#### What the task asks:
If pictures appear among the lines below, leave them out while you return exactly the lines from the one with "Liquid Nebula No 2 By I" through the one with "Yellow Daffodil Striped".

#### Input for this task:
⁂
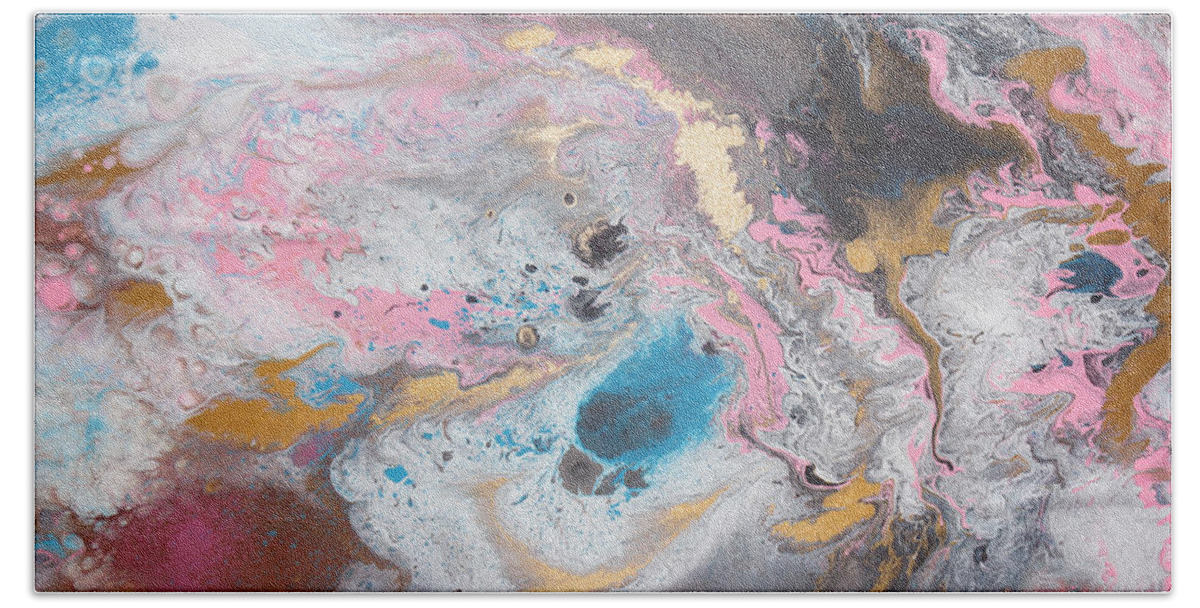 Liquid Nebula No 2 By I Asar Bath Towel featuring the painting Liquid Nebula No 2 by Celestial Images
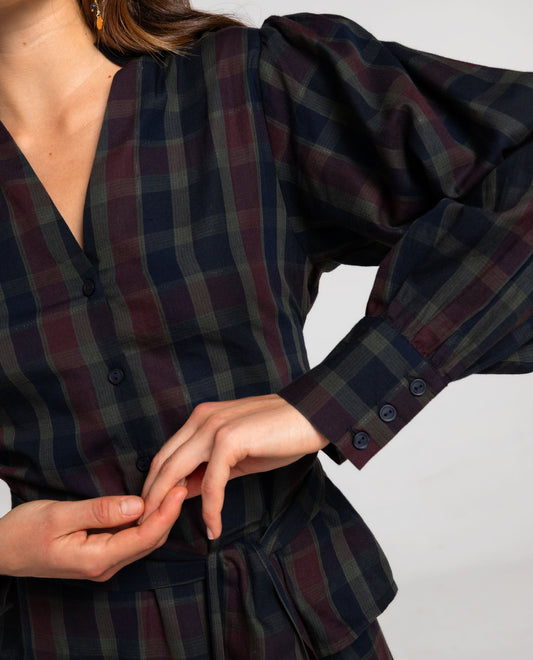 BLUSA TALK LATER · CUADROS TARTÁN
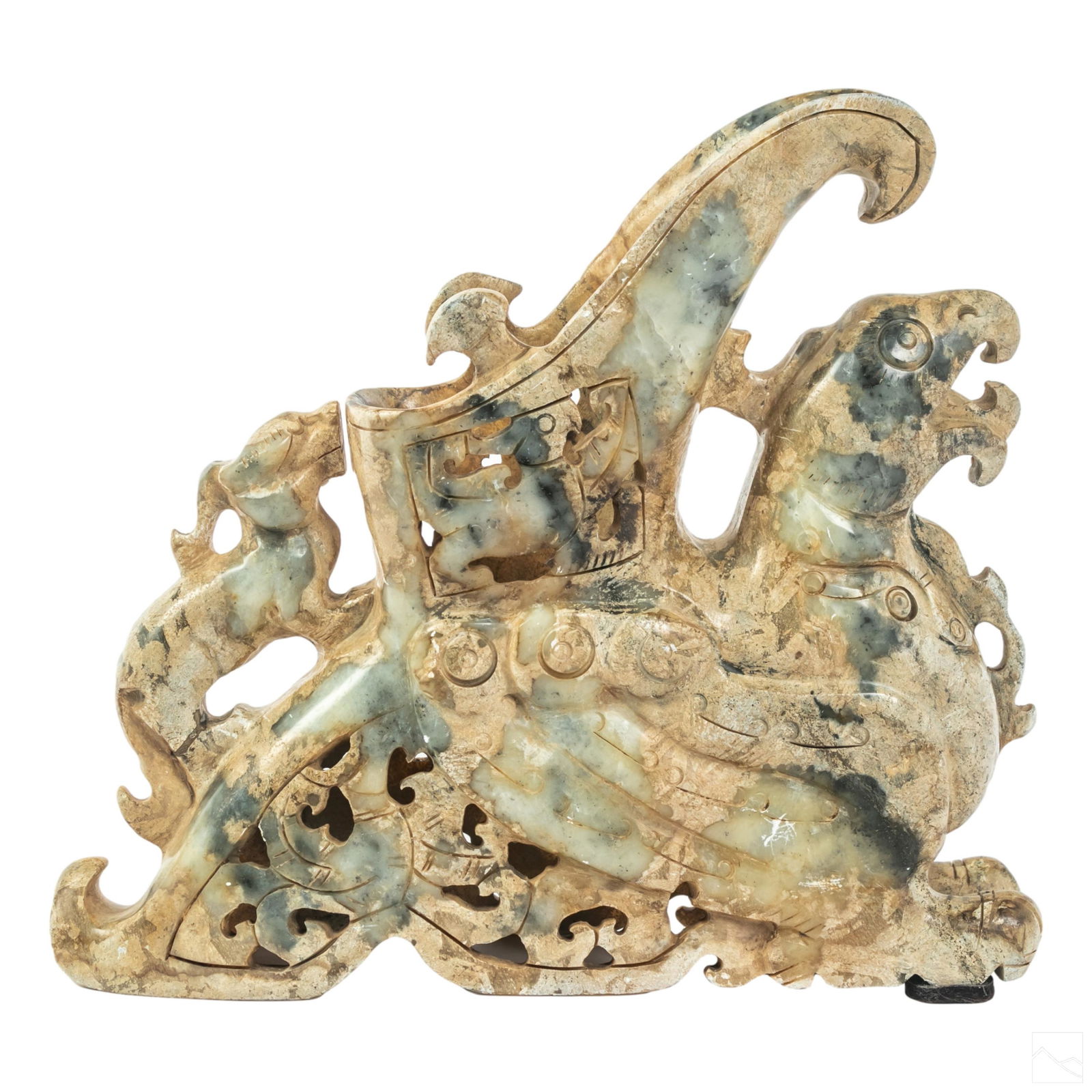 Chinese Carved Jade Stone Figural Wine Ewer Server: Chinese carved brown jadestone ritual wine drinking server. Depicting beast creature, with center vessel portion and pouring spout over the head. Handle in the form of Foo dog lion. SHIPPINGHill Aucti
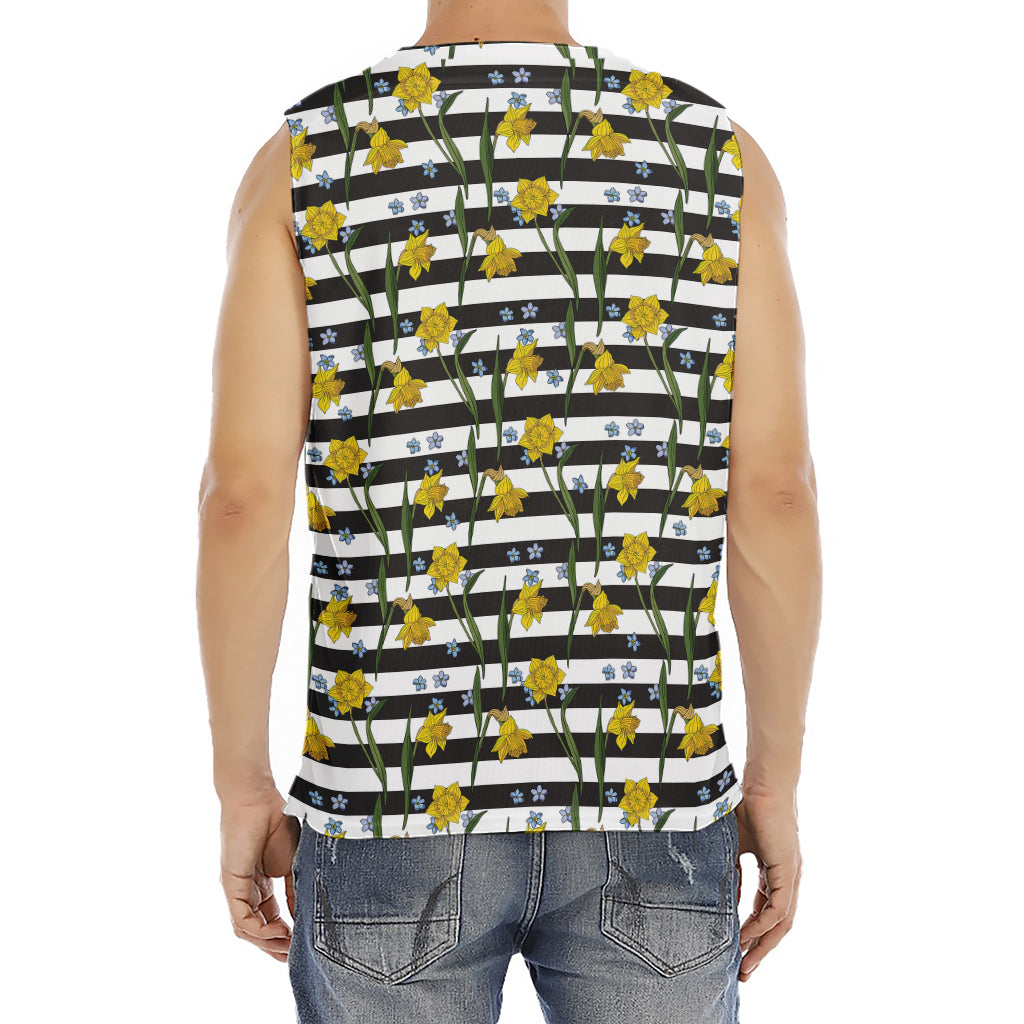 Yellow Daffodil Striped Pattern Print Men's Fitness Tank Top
⁂
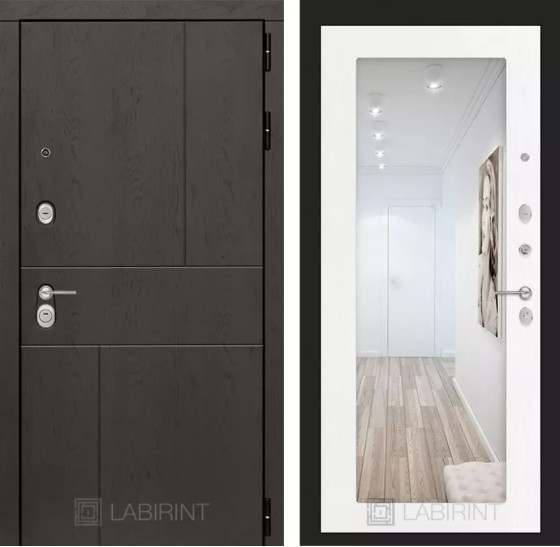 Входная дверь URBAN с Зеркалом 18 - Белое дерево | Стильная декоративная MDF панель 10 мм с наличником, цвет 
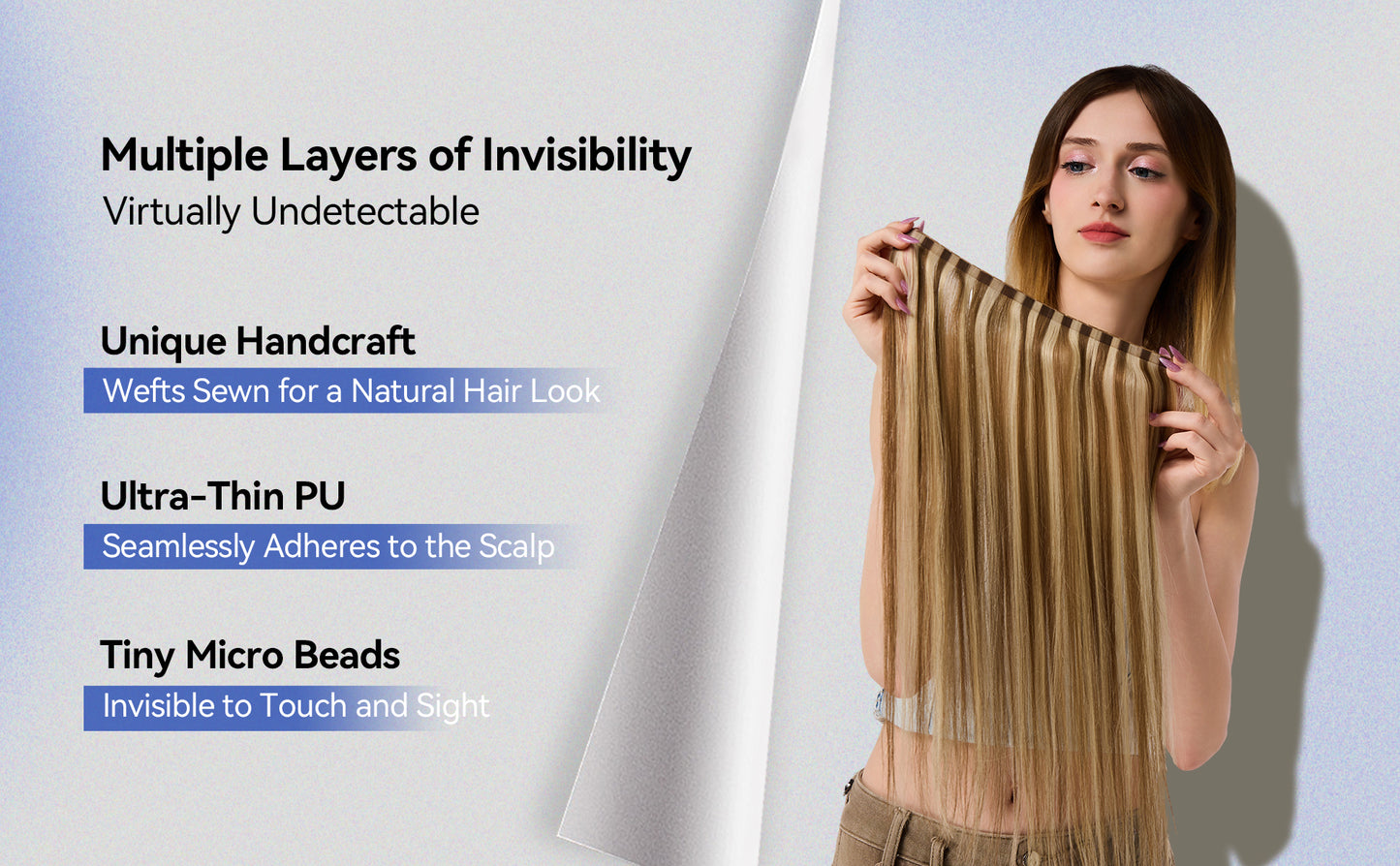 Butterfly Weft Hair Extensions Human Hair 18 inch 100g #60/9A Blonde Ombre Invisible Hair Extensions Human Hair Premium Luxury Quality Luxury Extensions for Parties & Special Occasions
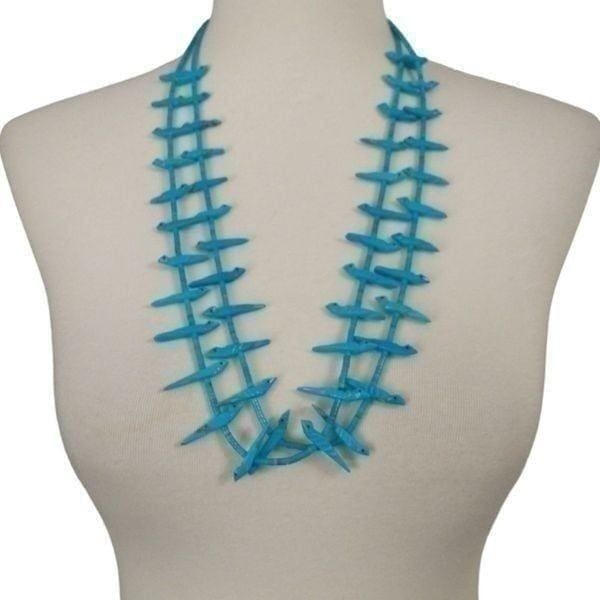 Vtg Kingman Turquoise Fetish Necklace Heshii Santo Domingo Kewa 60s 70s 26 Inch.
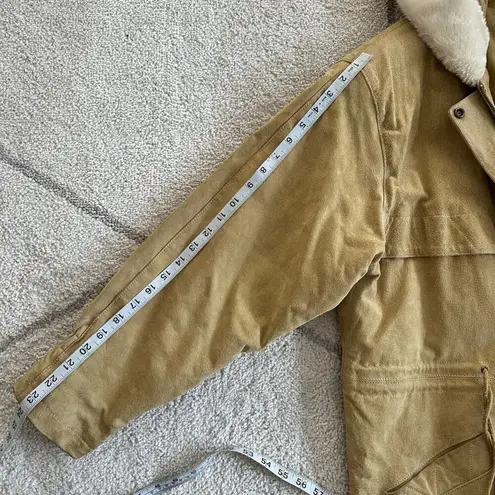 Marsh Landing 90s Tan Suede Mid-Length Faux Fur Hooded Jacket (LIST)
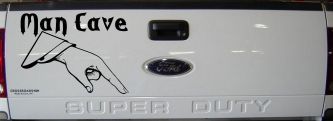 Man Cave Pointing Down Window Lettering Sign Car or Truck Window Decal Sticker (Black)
⁂
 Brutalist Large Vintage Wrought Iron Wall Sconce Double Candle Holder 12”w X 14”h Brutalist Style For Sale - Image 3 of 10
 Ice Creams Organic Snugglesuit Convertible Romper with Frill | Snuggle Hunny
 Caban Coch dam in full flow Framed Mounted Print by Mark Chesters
⁂
#### Completed task:
 Liquid Nebula No 2 By I Asar Bath Towel featuring the painting Liquid Nebula No 2 by Celestial Images
 BLUSA TALK LATER · CUADROS TARTÁN
 Chinese Carved Jade Stone Figural Wine Ewer Server: Chinese carved brown jadestone ritual wine drinking server. Depicting beast creature, with center vessel portion and pouring spout over the head. Handle in the form of Foo dog lion. SHIPPINGHill Aucti
 Yellow Daffodil Striped Pattern Print Men's Fitness Tank Top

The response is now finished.